Advertising. Who to use and what works best.

Advertising. Who to use and what works best.

Postby crossroadlm » Wed Dec 13, 2000 12:10 pm

Hello,

I am new to this forum and would like a to know what is working best for those of you with good Internet sales departments that are producing you several sales a month.
I am the Internet Sales Manager for a large Inianapolis area Chrysler Jeep / Lincoln Mercury dealership and we have had little success with our Internet sales department. I average about 8 to 10 sales a month using a few lead services. I am thinking about losing these services and using the money spent here on advertising to drive traffic to our own site. I find these service to be costly and do not see my return on investment. I just got out of a meeting with AOL/Compuserve and they were trying to sign us to advertise with them, but again the costs were out or sight. I believe the statistics of web users and even our own survey results show that well over 50% of our customers use the web prior to purchase, but who do we use? We have tried local print, and have our web address posted on parts vans, shuttles, my own company demo, but where are we failing. I hear of dealerships selling 70 to 150 vehicles a month from leads from the web and I want my share of this business.
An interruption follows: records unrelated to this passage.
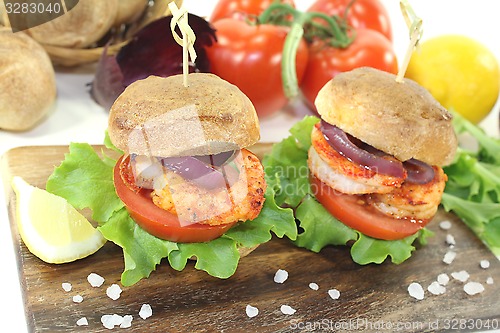 Image of healthy delicious prawn burgers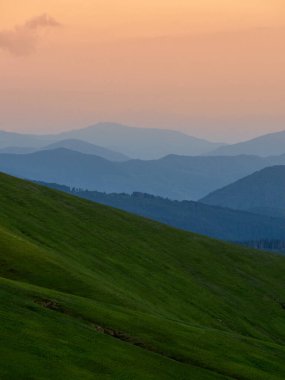 Dağların panoramik manzarası. Manzaralı dağ manzarası. Karpatlar, Ukrayna.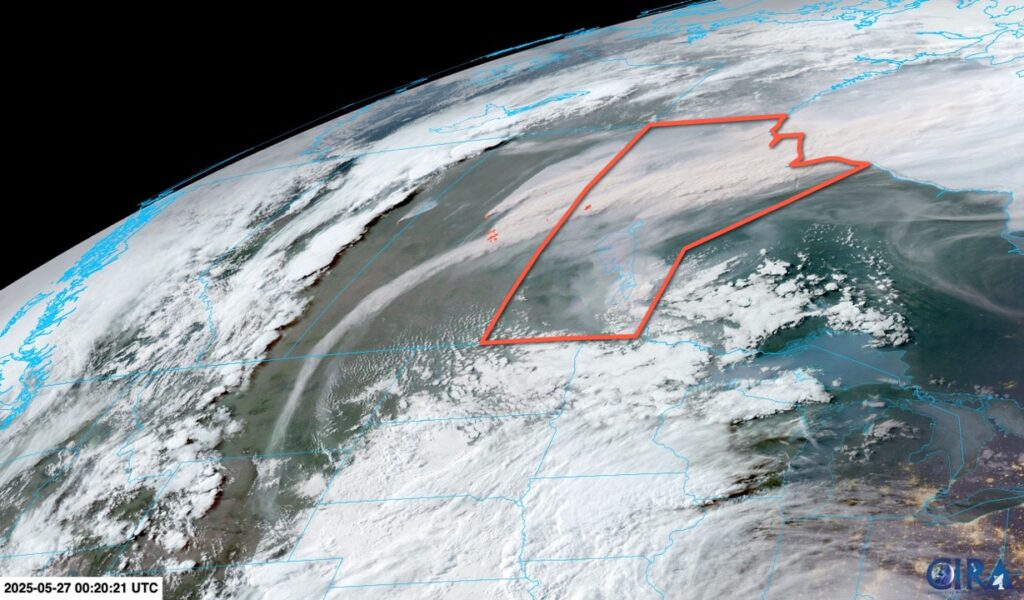 GOES-E GeoFire RGB Satellite Imagery valid 00:20Z Tuesday May 26, 2025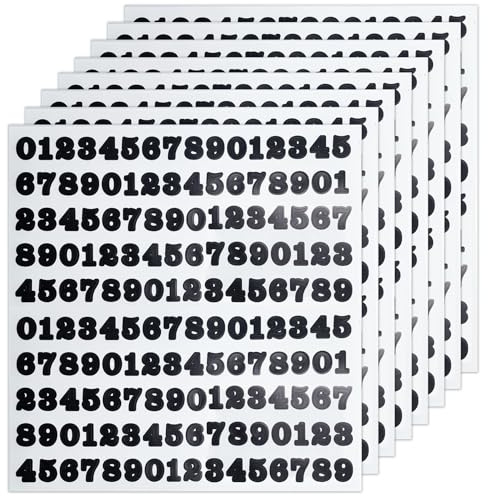 SHUNYINLAI 1/2 Inch Self Adhesive Vinyl Number Stickers, Waterproof Number Stickers for Organizing, Sorting Lockers, Signs, Notes, Storage, and More, 8 Sheets Black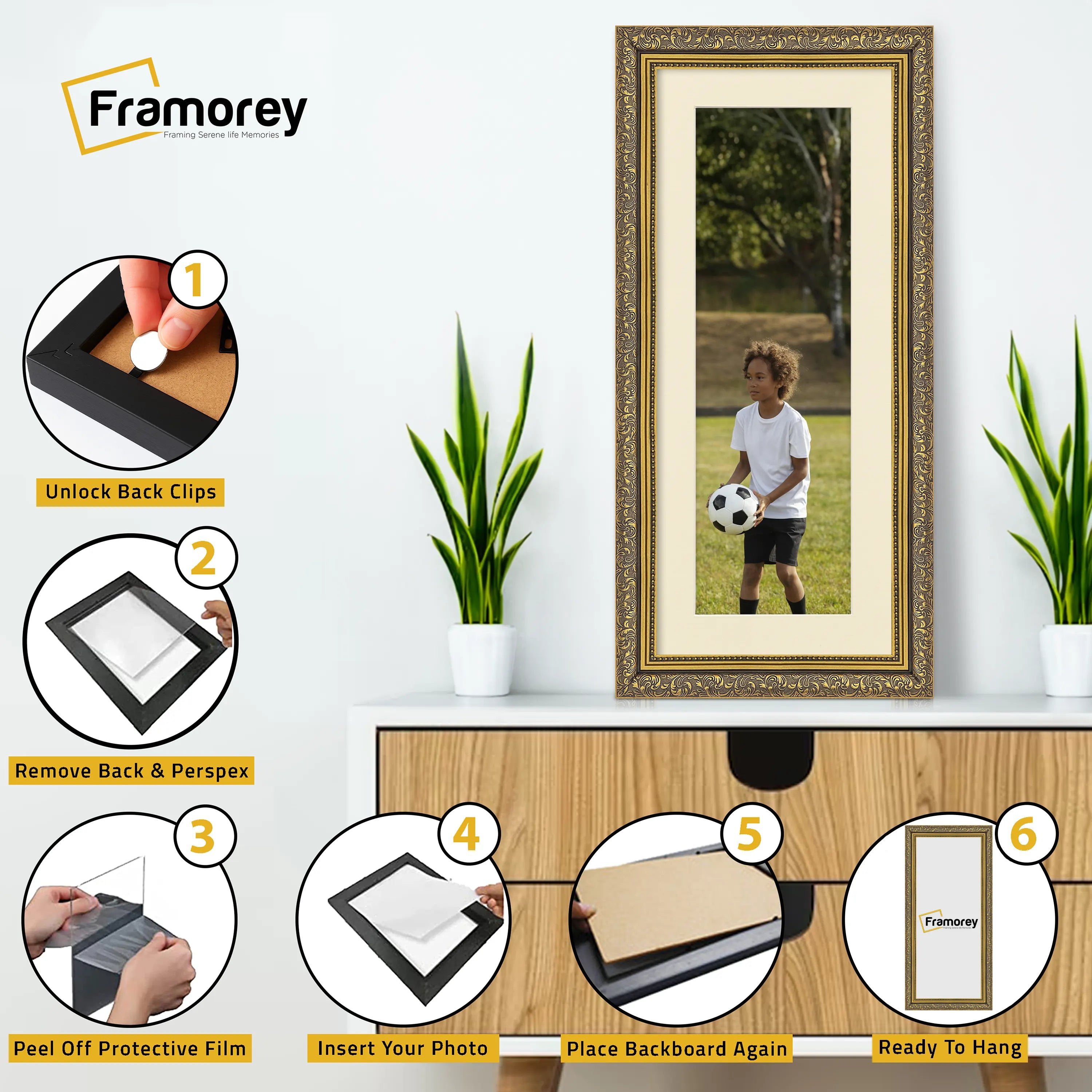 Panorama Gold Photo Frame Dahlia Style Wall Art Frame With Ivory Mount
If the web is the way people are shopping for vehicles is it only logical to have a strong web advertising campaign? Banner ads, pop ups etc. Any advice would be appreciated.

Thanks
Dan
crossroadlm
 

Advertising. Who to use and what works best.

Postby sallen1 » Wed Dec 13, 2000 4:50 pm

I'm not an expert in the field, but we are working the internet. If you advertise with AOL or any large-audience medium, expect to pay the price. Just like running a TV commercial that shows nationally, AOL would probably be world-wide, and that's not your primary target. You need to localize.

Lead generators work o.k. except they are not as productive as in the past. I too, have heard of very succesful internet departments and maybe some of them can comment, but lately, AutoByTel has dropped their monthly fees because we we're concidering dropping them. Same is true with a couple other sites.

Your best bet is doing what your are currently doing: Advertise your site. The customer who'd shop you on the 'net needs to find you and just like all the other dot-coms, the traditional print and broadcast media must be used. You can also try direct mail.

scott

oh, make sure your site shows on search engines and business/dealer locators. Ask your customers how they found you (i.e., lead-generator company, yellow-page site, internet ISP search engine, etc.) You'll need to do some coding to tweak your site for each search engine, but that's the easy part. Selling the car is the hard part! Good Luck.
sallen1
 

Advertising. Who to use and what works best.

Postby MarkB » Wed Dec 13, 2000 7:34 pm

I have found the larger internet sites such as AOL to be expensive to use.
It is amazing what increasing the size of your web address on the advertising you currently use such as radio, plate frames, stickers, newspaper adds even down to business cards and the signwriting on parts and shuttle/courtesy vehicles can do to increase traffic...especially during the winter months!
If you sell a marque with a dedicated following you can often find great rates with a good target audience on some of the enthusiasts websites http://a4.org is a good example of this kind of site.
Search engines are a completely different matter and keywords and metatags could have their own forum, however a great shortcut that promises to pay is where you purchase keyword placement the cost starts at only $99 to give it a try e.g. http://goto.com/

Rgds

------------------
MarkB
 

Advertising. Who to use and what works best.

Postby Matt Parsons » Thu Dec 14, 2000 7:20 am

Crossroadlm, not having seen your site, I would ask you a few questions. Is your goal to drive people to your site initially, or to draw them and have the re-visit you often? These are two very different objectives. The major mistake that many dealers make is that they do a good job of bringing people to their site, but provide so little value to the consumer that they never re-visit. Digital consumers that are using the net for research and purchasing have a different set of needs than a traditional walk-in. Dealers need to re-evaluate what they are doing and why. Are you delivering to customer expectations? How quickly do you respond to an inquiry? How valuable, detailed and correct is your content? How well do your back-end processes support internet activities? Do you measure effectiveness in any of these areas? All too often dealers want to treat the web as an advertising problem. It isn't. It is an information exchange medium, and thus you have to approach it in a different fashion.

Recently I discovered two dealers that really get it. These people have committed substantial time and resources to fully develop this channel. It isn't a part time activity by someone inside or outside of the store. It is a full time activity to fully develop and capitalize on this channel.

I would suggest that you look at Peter Brandows site (I believe it is brandowgroup.com). He is in Warminster, PA. Peter has written a white paper on how to effectively use the net, and I believe that he provides it at no charge to dealers - the title is something like the Internet Bible. The other site you may wish to review is tasca.com. Bob Tasca is a dealer in Seekonk, MA. He is pushing the envelope in terms of building a valueable site.

Hope these observations are helpful.

P.S., neither one of these dealers are clients of EDS, thus Ihave no vested interest in selling you anything in relation to what they are doing with the web.

[This message has been edited by Matt Parsons (edited 12-14-2000).]